- Opening Delimiter -

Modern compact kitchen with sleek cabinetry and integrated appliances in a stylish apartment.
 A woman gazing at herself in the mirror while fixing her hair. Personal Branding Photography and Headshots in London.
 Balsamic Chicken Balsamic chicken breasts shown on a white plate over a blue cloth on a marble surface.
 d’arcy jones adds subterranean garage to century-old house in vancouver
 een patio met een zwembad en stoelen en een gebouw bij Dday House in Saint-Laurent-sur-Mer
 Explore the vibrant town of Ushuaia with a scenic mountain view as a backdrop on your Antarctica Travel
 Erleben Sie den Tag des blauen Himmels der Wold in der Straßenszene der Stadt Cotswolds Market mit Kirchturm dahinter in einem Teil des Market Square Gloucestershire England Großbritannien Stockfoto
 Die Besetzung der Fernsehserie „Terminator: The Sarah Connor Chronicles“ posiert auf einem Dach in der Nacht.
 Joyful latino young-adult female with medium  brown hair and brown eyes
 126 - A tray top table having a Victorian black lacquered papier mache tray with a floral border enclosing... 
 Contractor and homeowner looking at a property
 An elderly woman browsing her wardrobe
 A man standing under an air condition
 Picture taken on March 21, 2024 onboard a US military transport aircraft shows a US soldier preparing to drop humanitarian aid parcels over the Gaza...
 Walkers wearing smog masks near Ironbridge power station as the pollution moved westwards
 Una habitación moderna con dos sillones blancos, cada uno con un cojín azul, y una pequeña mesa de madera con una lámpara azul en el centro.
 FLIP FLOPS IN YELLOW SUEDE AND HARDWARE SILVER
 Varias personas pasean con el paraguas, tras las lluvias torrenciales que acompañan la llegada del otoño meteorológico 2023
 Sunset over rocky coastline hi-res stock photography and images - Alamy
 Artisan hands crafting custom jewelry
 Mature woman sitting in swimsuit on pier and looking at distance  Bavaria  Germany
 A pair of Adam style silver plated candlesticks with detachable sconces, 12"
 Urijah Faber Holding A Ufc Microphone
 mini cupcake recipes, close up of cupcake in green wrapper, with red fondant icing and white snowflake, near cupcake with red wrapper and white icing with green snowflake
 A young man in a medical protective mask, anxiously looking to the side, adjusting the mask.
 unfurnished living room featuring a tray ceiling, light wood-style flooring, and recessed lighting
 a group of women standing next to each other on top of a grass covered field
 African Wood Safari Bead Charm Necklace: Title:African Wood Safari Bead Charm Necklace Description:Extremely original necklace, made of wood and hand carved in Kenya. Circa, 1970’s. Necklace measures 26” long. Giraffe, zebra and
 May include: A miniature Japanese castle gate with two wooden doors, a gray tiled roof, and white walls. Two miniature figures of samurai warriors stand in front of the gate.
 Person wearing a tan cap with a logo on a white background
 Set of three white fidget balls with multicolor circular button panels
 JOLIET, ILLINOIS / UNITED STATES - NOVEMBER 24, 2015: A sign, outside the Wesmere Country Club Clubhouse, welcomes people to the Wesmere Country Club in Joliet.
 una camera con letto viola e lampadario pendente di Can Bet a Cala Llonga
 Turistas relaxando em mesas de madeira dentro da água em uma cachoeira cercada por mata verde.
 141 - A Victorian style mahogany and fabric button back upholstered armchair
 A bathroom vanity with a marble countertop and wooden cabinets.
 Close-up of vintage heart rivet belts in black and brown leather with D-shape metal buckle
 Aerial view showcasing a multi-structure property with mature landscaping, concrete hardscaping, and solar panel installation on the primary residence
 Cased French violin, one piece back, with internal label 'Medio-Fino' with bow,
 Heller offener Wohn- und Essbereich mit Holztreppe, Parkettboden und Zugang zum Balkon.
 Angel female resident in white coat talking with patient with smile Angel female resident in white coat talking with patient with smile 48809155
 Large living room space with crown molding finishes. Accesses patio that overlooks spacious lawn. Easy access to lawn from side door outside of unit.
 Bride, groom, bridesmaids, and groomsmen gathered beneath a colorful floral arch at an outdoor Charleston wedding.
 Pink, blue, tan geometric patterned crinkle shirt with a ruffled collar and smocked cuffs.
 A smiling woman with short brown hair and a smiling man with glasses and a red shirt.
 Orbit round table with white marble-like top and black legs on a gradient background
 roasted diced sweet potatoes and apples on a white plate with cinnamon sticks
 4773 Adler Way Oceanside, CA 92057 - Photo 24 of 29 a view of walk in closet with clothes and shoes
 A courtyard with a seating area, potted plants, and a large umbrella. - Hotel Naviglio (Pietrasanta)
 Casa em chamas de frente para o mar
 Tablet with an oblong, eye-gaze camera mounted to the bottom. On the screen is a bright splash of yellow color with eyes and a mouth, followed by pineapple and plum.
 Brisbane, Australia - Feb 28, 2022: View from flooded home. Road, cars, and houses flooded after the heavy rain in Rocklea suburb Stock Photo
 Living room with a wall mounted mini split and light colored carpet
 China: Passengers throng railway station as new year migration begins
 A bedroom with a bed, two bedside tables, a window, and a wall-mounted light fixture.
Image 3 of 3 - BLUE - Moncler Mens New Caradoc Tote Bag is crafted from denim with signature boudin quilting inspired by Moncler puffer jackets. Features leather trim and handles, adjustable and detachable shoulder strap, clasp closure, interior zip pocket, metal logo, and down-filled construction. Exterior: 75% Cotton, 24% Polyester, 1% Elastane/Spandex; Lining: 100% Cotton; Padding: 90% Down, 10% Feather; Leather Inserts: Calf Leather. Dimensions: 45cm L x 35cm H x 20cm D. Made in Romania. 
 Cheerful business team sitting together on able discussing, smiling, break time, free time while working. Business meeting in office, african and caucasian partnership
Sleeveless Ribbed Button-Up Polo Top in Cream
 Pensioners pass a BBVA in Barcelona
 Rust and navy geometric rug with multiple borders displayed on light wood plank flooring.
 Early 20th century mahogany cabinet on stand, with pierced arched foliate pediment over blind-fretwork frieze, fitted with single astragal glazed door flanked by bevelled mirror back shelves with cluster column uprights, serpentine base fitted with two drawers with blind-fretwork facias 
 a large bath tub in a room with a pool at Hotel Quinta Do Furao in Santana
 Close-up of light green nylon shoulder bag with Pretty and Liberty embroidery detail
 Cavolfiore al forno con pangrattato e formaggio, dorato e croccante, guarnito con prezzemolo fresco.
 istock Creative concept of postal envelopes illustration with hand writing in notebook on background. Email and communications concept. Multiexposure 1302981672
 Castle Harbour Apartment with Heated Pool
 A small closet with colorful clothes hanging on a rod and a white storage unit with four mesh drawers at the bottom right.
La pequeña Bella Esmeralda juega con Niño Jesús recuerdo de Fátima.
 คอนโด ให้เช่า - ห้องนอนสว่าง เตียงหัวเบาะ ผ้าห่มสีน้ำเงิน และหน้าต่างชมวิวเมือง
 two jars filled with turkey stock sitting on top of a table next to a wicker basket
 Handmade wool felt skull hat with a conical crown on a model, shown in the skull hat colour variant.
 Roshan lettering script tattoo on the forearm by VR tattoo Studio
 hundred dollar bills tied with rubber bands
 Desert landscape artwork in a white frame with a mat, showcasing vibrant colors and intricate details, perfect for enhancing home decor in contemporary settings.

- Closing Delimiter -

# Task prompt
Copy the material above so that it matches line for line.

# Reply to the task
Modern compact kitchen with sleek cabinetry and integrated appliances in a stylish apartment.
 A woman gazing at herself in the mirror while fixing her hair. Personal Branding Photography and Headshots in London.
 Balsamic Chicken Balsamic chicken breasts shown on a white plate over a blue cloth on a marble surface.
 d’arcy jones adds subterranean garage to century-old house in vancouver
 een patio met een zwembad en stoelen en een gebouw bij Dday House in Saint-Laurent-sur-Mer
 Explore the vibrant town of Ushuaia with a scenic mountain view as a backdrop on your Antarctica Travel
 Erleben Sie den Tag des blauen Himmels der Wold in der Straßenszene der Stadt Cotswolds Market mit Kirchturm dahinter in einem Teil des Market Square Gloucestershire England Großbritannien Stockfoto
 Die Besetzung der Fernsehserie „Terminator: The Sarah Connor Chronicles“ posiert auf einem Dach in der Nacht.
 Joyful latino young-adult female with medium  brown hair and brown eyes
 126 - A tray top table having a Victorian black lacquered papier mache tray with a floral border enclosing... 
 Contractor and homeowner looking at a property
 An elderly woman browsing her wardrobe
 A man standing under an air condition
 Picture taken on March 21, 2024 onboard a US military transport aircraft shows a US soldier preparing to drop humanitarian aid parcels over the Gaza...
 Walkers wearing smog masks near Ironbridge power station as the pollution moved westwards
 Una habitación moderna con dos sillones blancos, cada uno con un cojín azul, y una pequeña mesa de madera con una lámpara azul en el centro.
 FLIP FLOPS IN YELLOW SUEDE AND HARDWARE SILVER
 Varias personas pasean con el paraguas, tras las lluvias torrenciales que acompañan la llegada del otoño meteorológico 2023
 Sunset over rocky coastline hi-res stock photography and images - Alamy
 Artisan hands crafting custom jewelry
 Mature woman sitting in swimsuit on pier and looking at distance  Bavaria  Germany
 A pair of Adam style silver plated candlesticks with detachable sconces, 12"
 Urijah Faber Holding A Ufc Microphone
 mini cupcake recipes, close up of cupcake in green wrapper, with red fondant icing and white snowflake, near cupcake with red wrapper and white icing with green snowflake
 A young man in a medical protective mask, anxiously looking to the side, adjusting the mask.
 unfurnished living room featuring a tray ceiling, light wood-style flooring, and recessed lighting
 a group of women standing next to each other on top of a grass covered field
 African Wood Safari Bead Charm Necklace: Title:African Wood Safari Bead Charm Necklace Description:Extremely original necklace, made of wood and hand carved in Kenya. Circa, 1970’s. Necklace measures 26” long. Giraffe, zebra and
 May include: A miniature Japanese castle gate with two wooden doors, a gray tiled roof, and white walls. Two miniature figures of samurai warriors stand in front of the gate.
 Person wearing a tan cap with a logo on a white background
 Set of three white fidget balls with multicolor circular button panels
 JOLIET, ILLINOIS / UNITED STATES - NOVEMBER 24, 2015: A sign, outside the Wesmere Country Club Clubhouse, welcomes people to the Wesmere Country Club in Joliet.
 una camera con letto viola e lampadario pendente di Can Bet a Cala Llonga
 Turistas relaxando em mesas de madeira dentro da água em uma cachoeira cercada por mata verde.
 141 - A Victorian style mahogany and fabric button back upholstered armchair
 A bathroom vanity with a marble countertop and wooden cabinets.
 Close-up of vintage heart rivet belts in black and brown leather with D-shape metal buckle
 Aerial view showcasing a multi-structure property with mature landscaping, concrete hardscaping, and solar panel installation on the primary residence
 Cased French violin, one piece back, with internal label 'Medio-Fino' with bow,
 Heller offener Wohn- und Essbereich mit Holztreppe, Parkettboden und Zugang zum Balkon.
 Angel female resident in white coat talking with patient with smile Angel female resident in white coat talking with patient with smile 48809155
 Large living room space with crown molding finishes. Accesses patio that overlooks spacious lawn. Easy access to lawn from side door outside of unit.
 Bride, groom, bridesmaids, and groomsmen gathered beneath a colorful floral arch at an outdoor Charleston wedding.
 Pink, blue, tan geometric patterned crinkle shirt with a ruffled collar and smocked cuffs.
 A smiling woman with short brown hair and a smiling man with glasses and a red shirt.
 Orbit round table with white marble-like top and black legs on a gradient background
 roasted diced sweet potatoes and apples on a white plate with cinnamon sticks
 4773 Adler Way Oceanside, CA 92057 - Photo 24 of 29 a view of walk in closet with clothes and shoes
 A courtyard with a seating area, potted plants, and a large umbrella. - Hotel Naviglio (Pietrasanta)
 Casa em chamas de frente para o mar
 Tablet with an oblong, eye-gaze camera mounted to the bottom. On the screen is a bright splash of yellow color with eyes and a mouth, followed by pineapple and plum.
 Brisbane, Australia - Feb 28, 2022: View from flooded home. Road, cars, and houses flooded after the heavy rain in Rocklea suburb Stock Photo
 Living room with a wall mounted mini split and light colored carpet
 China: Passengers throng railway station as new year migration begins
 A bedroom with a bed, two bedside tables, a window, and a wall-mounted light fixture.
Image 3 of 3 - BLUE - Moncler Mens New Caradoc Tote Bag is crafted from denim with signature boudin quilting inspired by Moncler puffer jackets. Features leather trim and handles, adjustable and detachable shoulder strap, clasp closure, interior zip pocket, metal logo, and down-filled construction. Exterior: 75% Cotton, 24% Polyester, 1% Elastane/Spandex; Lining: 100% Cotton; Padding: 90% Down, 10% Feather; Leather Inserts: Calf Leather. Dimensions: 45cm L x 35cm H x 20cm D. Made in Romania. 
 Cheerful business team sitting together on able discussing, smiling, break time, free time while working. Business meeting in office, african and caucasian partnership
Sleeveless Ribbed Button-Up Polo Top in Cream
 Pensioners pass a BBVA in Barcelona
 Rust and navy geometric rug with multiple borders displayed on light wood plank flooring.
 Early 20th century mahogany cabinet on stand, with pierced arched foliate pediment over blind-fretwork frieze, fitted with single astragal glazed door flanked by bevelled mirror back shelves with cluster column uprights, serpentine base fitted with two drawers with blind-fretwork facias 
 a large bath tub in a room with a pool at Hotel Quinta Do Furao in Santana
 Close-up of light green nylon shoulder bag with Pretty and Liberty embroidery detail
 Cavolfiore al forno con pangrattato e formaggio, dorato e croccante, guarnito con prezzemolo fresco.
 istock Creative concept of postal envelopes illustration with hand writing in notebook on background. Email and communications concept. Multiexposure 1302981672
 Castle Harbour Apartment with Heated Pool
 A small closet with colorful clothes hanging on a rod and a white storage unit with four mesh drawers at the bottom right.
La pequeña Bella Esmeralda juega con Niño Jesús recuerdo de Fátima.
 คอนโด ให้เช่า - ห้องนอนสว่าง เตียงหัวเบาะ ผ้าห่มสีน้ำเงิน และหน้าต่างชมวิวเมือง
 two jars filled with turkey stock sitting on top of a table next to a wicker basket
 Handmade wool felt skull hat with a conical crown on a model, shown in the skull hat colour variant.
 Roshan lettering script tattoo on the forearm by VR tattoo Studio
 hundred dollar bills tied with rubber bands
 Desert landscape artwork in a white frame with a mat, showcasing vibrant colors and intricate details, perfect for enhancing home decor in contemporary settings.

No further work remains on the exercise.